1000 yıl sürecek demişlerdi. Yanlış biliyorlar. Kıyamete kadar sürecek. Hak Batıl mücadelesinden bahsediyorum. Hz. Adem'in Dünyaya gelişi ile başladı bu savaş. İblis ve taraftarları var oldukça da devam edecek. Onlardan biri de 28 Şubat idi.
28 Şubat'ın üzerinden 20 yıl geçti.28 Şubat zulmü, 20. yılında anlamlı bir programla hatırlatıldı. '28 Şubat Zulmü Tanıklarıyla' isimli programda, Öğretmenlerimiz Vahide Coşkun, Kerime Çiçekfidan ve Mehmet Tilgel, yaşadıklarını paylaştılar.
Benim de paylaşacaklarım var hamdolsun. Hocalarımın ve daha nice mazlumun yaşadıkları zulümlerin yanında, bizim yaşadığımız hiçbir şey kalır, biliyorum..

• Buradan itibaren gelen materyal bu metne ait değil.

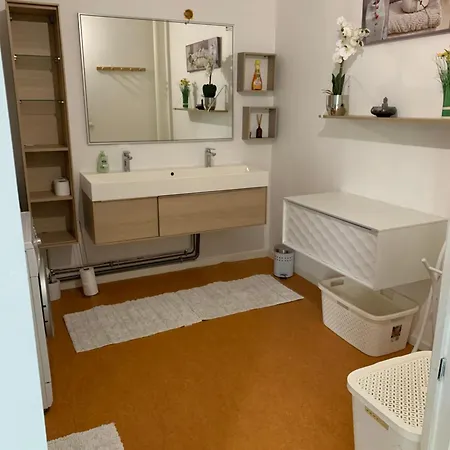 120m2 *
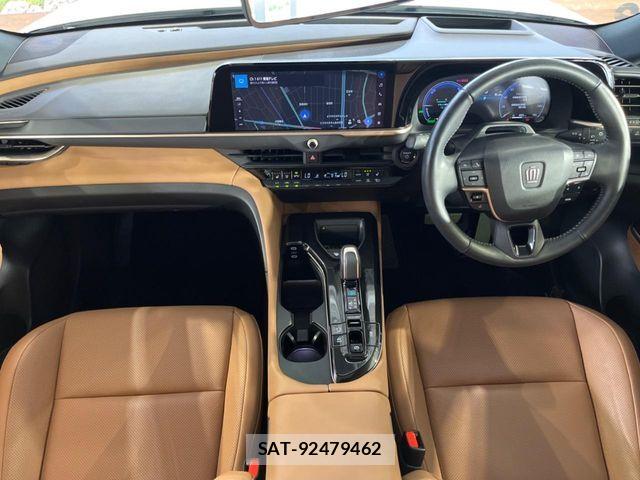 Toyota Crown Sports 2024-01 7978911-2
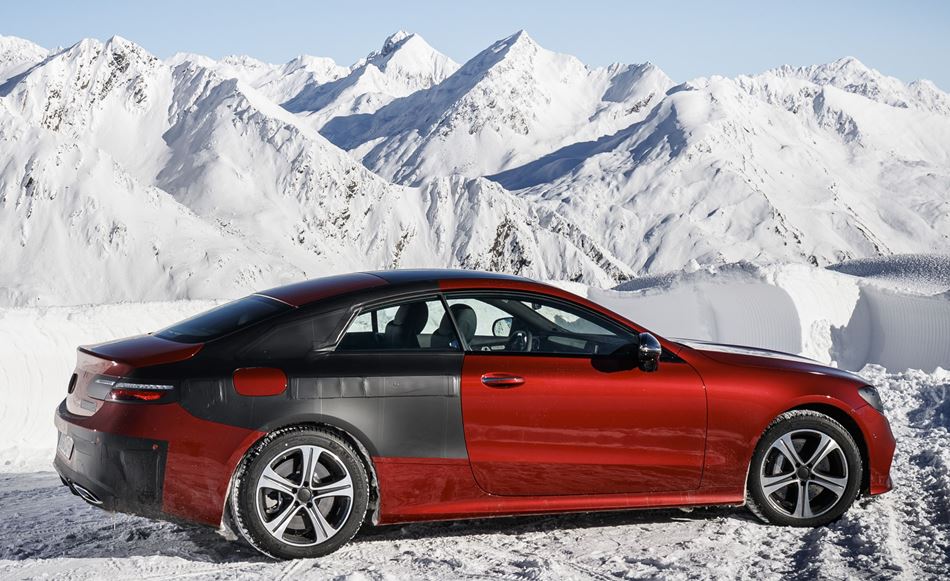 Mercedes-Benz heeft de eerste officile teaserbeelden vrijgegeven van de nieuwe E-Klasse Coup. Leuk, maar ondertussen hebben we ook de volledige auto al in beeld!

İLAHİYAT FAKÜLTESİ'NE DE BAŞÖRTÜSÜ YASAĞI
28 Şubat sürecinde Uludağ Üniversite'sinde öğrenci idim. Düşünebiliyor musunuz, Başörtüsünün Allah'ın emri olduğuna dair, yüksek eğitimin verildiği bir okulda, öğrencilerin başlarını açmaları emrediliyordu. Fakülte idaresi ve hocalarımız bu zulme karşı dik durmuş, öğrenciler olarak da geri adım atmamıştık. Bari sakallarınızı kesin, başörtüsüne göz yumulsun, demişlerdi. Bacılarımızın başı açılmasın diye sakalımızı tıraş etmiştik.

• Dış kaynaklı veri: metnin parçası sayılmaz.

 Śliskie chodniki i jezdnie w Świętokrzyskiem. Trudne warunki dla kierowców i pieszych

Üniversiteye İnegöl'den gelip gidiyordum. Aynı zulüm İnegöl İmam Hatip Lisesi'nde de yaşanıyordu. Başörtülü öğrenciler okula alınmıyordu. Başörtülü öğrencilere sahip çıktığı tespit edilen öğretmenler ya memurluktan atılıyor ya da sürgün ediliyorlardı. O öğrencilerimizin ve hocalarımızın acıları, gözyaşları, unutulabilir mi? Mazlum öğrenciler, velileri ve İnegöl halkı, okul önünde toplanıyor, yapılan zulme karşı duruyor ama zulmedenler okulun kapılarını başörtülüye kapatmaktan geri durmuyorlardı.
O dönemde, en büyük zulmü başörtülü bacılarımız ve İmam Hatip okulları yaşarken, siyaset sahnesinde de Müslüman olmanın en büyük bedelini Refah Partisi ve Rahmetli Necmettin Erbakan Hocamız ödüyordu. Erbakan Hocamın, o gün, batıl olduklarını haykırdığı bazıları, o gün yaşanan zulümlere arka çıkarken, bugün çıkıp Erbakan Hocayı ve davasını anıp alkışlıyorlar. Birazcık vicdanları varsa, utansınlar.
KURAN ÖĞRETTİĞİMİZ İÇİN YARGILANDIK
O dönemde İnegöl Milli Gençlik Vakfı yönetiminde idim. Fevzi Turan Hocamız başkanlık yapıyordu. Ben de öğrenci başkanı idim. Yazın öğrencilere kurs düzenliyor, Kuran-ı Kerim başta olmak üzere ilmihal dersleri veriyorduk.
Valilik kararıyla vakfımızı bastılar. Biz de sizdeniz deyip çayımızı içtiler. Emir kuluyuz, prosedürü uyguluyoruz dediler, oturup muhabbet ettiler. Ancak sonrasında Emniyete çağrılıp, ifademiz alındı.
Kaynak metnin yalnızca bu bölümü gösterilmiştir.